A windfall tax could crimp investment in the UK’s energy system, said the chief executive of BP.
“By definition, windfall taxes are unpredictable –- and so would challenge investment in home-grown energy,” Bernard Looney said at the company’s annual general meeting in London.
“We know that from past experience for the whole of the North Sea sector and supply chain.”
Calls for a windfall tax have intensified following record earnings from oil and gas majors. While Prime Minister Boris Johnson hasn’t entirely ruled out the move, the government has been vocal about its desire for the industry to boost investment after the energy crisis triggered by Russia’s invasion of Ukraine.

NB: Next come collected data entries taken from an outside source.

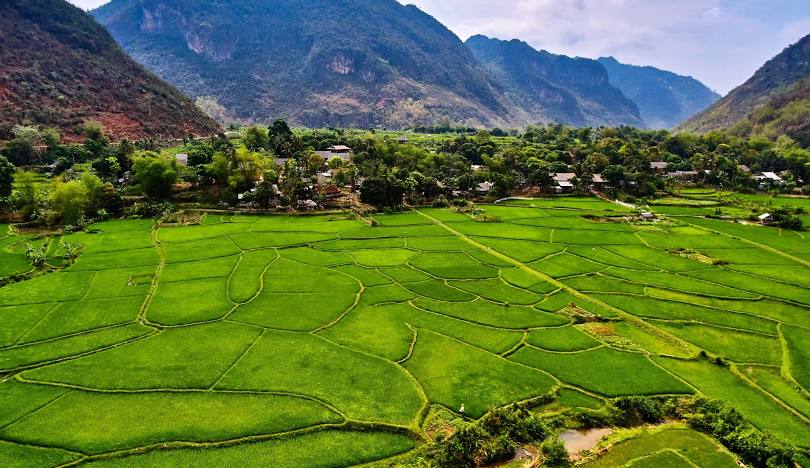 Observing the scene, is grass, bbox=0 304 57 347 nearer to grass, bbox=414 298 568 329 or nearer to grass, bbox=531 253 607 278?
grass, bbox=414 298 568 329

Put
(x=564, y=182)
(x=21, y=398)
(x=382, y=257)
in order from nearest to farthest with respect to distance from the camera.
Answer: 1. (x=21, y=398)
2. (x=382, y=257)
3. (x=564, y=182)

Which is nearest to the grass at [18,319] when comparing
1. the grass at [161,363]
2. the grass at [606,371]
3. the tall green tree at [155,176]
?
the grass at [161,363]

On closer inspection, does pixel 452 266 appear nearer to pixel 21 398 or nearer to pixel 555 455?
pixel 555 455

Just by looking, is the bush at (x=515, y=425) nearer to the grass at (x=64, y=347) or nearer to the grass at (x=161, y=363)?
the grass at (x=161, y=363)

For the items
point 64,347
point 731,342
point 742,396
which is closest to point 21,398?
point 64,347

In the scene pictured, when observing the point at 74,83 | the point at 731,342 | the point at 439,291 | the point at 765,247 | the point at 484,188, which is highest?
the point at 74,83

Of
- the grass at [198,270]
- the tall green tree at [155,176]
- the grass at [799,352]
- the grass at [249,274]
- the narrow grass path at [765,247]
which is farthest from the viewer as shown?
the tall green tree at [155,176]

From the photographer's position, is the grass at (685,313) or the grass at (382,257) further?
the grass at (382,257) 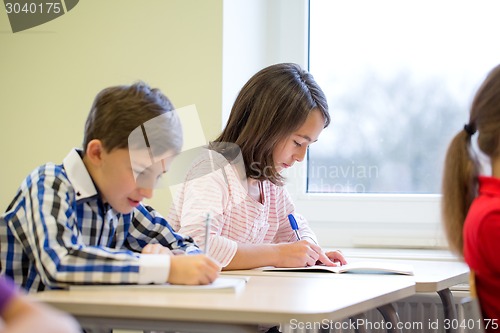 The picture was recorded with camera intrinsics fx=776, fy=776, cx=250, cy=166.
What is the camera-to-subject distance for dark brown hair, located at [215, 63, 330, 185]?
6.61 ft

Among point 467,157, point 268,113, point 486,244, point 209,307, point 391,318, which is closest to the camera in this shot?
point 209,307

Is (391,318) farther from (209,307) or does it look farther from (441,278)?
(209,307)

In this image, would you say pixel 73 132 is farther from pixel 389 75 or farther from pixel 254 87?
pixel 389 75

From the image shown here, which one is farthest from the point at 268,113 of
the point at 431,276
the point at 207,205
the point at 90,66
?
the point at 90,66

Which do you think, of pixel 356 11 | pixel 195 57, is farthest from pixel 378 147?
pixel 195 57

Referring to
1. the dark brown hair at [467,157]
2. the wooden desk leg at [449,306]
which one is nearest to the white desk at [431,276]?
the wooden desk leg at [449,306]

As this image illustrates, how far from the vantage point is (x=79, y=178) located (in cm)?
143

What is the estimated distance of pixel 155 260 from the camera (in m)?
1.32

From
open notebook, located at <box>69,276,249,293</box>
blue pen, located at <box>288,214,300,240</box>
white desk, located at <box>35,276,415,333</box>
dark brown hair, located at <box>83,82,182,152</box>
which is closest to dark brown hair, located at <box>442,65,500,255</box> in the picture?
white desk, located at <box>35,276,415,333</box>

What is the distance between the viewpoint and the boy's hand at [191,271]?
4.34ft

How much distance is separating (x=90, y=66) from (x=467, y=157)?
1507 millimetres

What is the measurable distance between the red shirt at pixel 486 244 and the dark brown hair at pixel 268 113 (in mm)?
740

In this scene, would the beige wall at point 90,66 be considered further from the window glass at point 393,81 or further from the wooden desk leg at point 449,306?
the wooden desk leg at point 449,306

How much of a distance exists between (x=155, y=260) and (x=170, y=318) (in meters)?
0.24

BP announced last week that it would invest £18 billion in the UK over the next decade. Three-quarters of that will be directed at low-carbon sources of energy, while the rest will flow into its traditional oil and gas business.
Investment in the giant Clair field in the West of Shetland and Schiehallion, along with the Murlach, Kate and Mungo fields near the BP-operated ETAP hub in the Central North Sea are among the plans.

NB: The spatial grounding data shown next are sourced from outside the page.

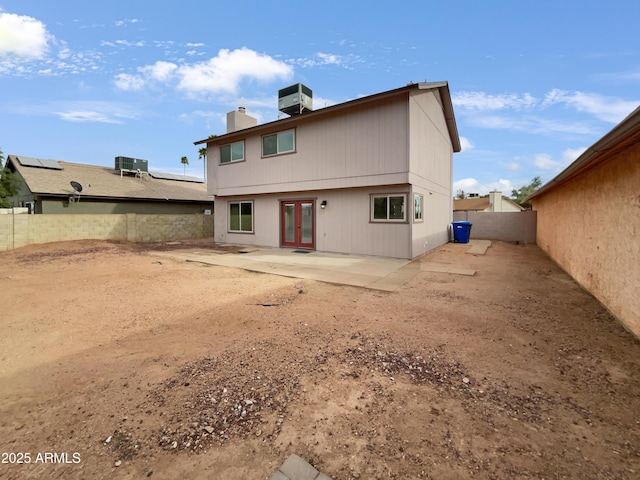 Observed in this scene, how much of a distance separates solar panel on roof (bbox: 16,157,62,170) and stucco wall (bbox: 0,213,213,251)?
11.7 feet

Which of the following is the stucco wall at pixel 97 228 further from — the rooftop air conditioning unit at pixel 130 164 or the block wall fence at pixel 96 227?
the rooftop air conditioning unit at pixel 130 164

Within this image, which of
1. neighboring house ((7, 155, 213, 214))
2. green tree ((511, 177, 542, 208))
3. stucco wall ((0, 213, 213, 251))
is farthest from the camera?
green tree ((511, 177, 542, 208))

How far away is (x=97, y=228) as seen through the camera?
15617mm

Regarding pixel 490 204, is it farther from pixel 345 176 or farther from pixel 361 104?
pixel 361 104

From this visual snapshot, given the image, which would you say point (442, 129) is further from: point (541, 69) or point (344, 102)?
point (344, 102)

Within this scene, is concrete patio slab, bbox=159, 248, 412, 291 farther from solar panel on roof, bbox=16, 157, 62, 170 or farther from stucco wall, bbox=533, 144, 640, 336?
solar panel on roof, bbox=16, 157, 62, 170

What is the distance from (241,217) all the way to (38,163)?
14.4 metres

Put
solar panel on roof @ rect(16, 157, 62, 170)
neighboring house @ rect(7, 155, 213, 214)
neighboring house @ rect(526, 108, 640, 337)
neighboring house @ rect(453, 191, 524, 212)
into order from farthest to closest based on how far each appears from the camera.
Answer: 1. neighboring house @ rect(453, 191, 524, 212)
2. solar panel on roof @ rect(16, 157, 62, 170)
3. neighboring house @ rect(7, 155, 213, 214)
4. neighboring house @ rect(526, 108, 640, 337)

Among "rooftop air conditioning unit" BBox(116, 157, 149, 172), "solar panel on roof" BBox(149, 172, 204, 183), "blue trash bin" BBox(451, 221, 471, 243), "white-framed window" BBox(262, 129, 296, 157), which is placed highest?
"rooftop air conditioning unit" BBox(116, 157, 149, 172)

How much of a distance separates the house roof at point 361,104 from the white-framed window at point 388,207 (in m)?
3.36

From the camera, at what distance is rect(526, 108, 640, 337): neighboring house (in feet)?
13.3

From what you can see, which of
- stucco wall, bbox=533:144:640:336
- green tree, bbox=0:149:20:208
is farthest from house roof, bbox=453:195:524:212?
green tree, bbox=0:149:20:208

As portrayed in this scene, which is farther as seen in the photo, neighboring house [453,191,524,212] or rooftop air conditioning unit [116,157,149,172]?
neighboring house [453,191,524,212]

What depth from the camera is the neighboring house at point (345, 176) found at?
1009cm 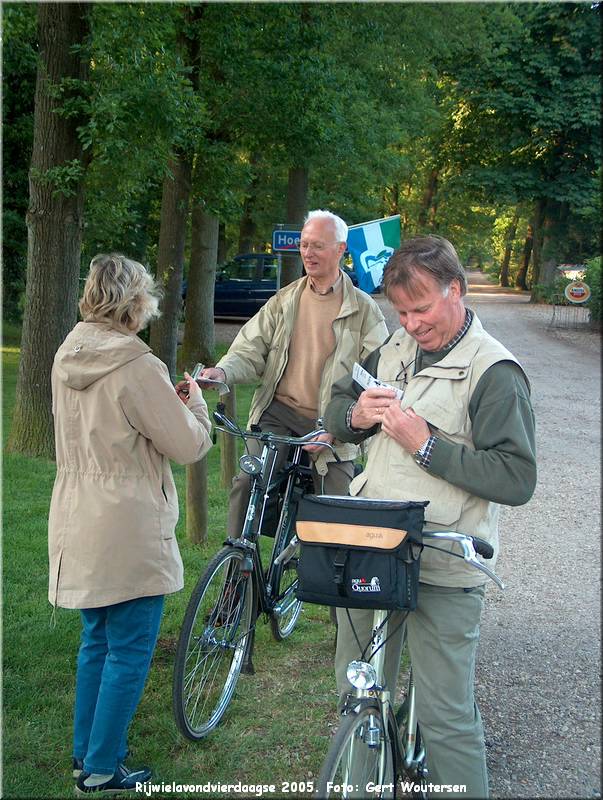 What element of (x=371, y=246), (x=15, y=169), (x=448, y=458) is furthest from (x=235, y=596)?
(x=15, y=169)

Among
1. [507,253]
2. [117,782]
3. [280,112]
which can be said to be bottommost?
[117,782]

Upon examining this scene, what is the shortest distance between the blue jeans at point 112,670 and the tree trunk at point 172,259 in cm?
865

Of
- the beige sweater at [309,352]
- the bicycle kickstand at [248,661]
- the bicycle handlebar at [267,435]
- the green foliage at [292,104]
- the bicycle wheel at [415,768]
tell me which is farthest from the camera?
the green foliage at [292,104]

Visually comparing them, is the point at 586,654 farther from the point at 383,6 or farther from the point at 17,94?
the point at 17,94

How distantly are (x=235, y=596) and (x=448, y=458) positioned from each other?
6.17ft

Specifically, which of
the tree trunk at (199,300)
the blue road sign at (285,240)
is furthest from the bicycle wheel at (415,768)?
the tree trunk at (199,300)

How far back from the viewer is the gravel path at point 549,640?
3.79 meters

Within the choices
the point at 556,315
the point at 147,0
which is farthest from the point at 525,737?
the point at 556,315

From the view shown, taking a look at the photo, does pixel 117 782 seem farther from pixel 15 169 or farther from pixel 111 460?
pixel 15 169

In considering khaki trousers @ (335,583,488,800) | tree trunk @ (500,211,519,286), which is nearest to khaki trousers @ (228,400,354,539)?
khaki trousers @ (335,583,488,800)

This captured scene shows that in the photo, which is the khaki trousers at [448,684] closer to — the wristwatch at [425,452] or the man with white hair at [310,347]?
the wristwatch at [425,452]

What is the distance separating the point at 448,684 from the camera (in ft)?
9.11

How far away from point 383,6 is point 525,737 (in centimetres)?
1342

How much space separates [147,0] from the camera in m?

Looney said that the investments would happen regardless of whether a windfall tax is implemented.
Questions are again being raised on the prospect of a North Sea windfall tax after Chancellor Rishi Sunak said the option is still on the table if firms are shown not to be investing in the North Sea.
It’s not clear how the UK Government would impose such a tax, and which companies would be liable.
Last week Shell CEO Ben van Beurden said his firm’s planned investments of £20-25bn in the UK “have to make sense”, when asked whether a windfall tax could impact them.
Around 75% of the spending is earmarked for low or zero-carbon energies, which is a “very firm plan that we want to carry out,” Mr van Beurden said.